What to work on: Search the data for the string "Chapter" and copy each line in which it appears.

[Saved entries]
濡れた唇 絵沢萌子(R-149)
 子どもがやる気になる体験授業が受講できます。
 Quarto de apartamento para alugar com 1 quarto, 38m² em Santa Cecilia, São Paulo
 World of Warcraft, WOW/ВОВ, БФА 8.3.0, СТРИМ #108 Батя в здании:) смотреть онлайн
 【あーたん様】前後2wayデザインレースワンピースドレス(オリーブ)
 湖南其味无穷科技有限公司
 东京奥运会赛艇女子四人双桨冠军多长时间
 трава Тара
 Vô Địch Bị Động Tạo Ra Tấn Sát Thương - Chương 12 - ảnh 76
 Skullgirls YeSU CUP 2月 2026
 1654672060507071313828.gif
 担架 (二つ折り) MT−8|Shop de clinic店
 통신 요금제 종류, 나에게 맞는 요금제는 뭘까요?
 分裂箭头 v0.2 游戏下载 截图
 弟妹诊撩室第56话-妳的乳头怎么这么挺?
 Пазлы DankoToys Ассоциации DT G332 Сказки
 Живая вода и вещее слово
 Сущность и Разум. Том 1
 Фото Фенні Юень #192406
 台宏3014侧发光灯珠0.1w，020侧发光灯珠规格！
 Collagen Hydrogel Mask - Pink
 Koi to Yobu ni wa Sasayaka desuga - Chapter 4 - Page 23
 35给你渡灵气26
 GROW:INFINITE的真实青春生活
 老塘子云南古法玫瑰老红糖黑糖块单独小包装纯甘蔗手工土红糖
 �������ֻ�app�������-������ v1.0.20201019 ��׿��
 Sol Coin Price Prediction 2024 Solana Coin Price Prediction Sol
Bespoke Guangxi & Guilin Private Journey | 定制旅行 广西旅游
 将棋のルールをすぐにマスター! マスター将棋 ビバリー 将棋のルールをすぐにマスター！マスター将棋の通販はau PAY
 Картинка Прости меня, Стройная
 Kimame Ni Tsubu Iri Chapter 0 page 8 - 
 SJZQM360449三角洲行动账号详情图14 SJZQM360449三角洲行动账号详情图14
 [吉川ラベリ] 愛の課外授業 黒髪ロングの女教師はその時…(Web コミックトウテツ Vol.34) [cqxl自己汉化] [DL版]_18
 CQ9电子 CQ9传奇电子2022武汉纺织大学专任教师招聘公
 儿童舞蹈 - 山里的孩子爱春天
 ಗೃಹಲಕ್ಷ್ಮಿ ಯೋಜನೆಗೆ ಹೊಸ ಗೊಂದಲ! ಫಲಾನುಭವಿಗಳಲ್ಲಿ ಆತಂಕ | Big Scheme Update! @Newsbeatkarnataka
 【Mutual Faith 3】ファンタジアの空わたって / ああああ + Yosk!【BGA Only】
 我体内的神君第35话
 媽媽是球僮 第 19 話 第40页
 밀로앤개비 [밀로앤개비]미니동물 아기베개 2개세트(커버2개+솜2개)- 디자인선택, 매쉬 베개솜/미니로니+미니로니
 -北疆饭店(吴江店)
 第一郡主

Solved problem:
 Koi to Yobu ni wa Sasayaka desuga - Chapter 4 - Page 23
 Kimame Ni Tsubu Iri Chapter 0 page 8 - 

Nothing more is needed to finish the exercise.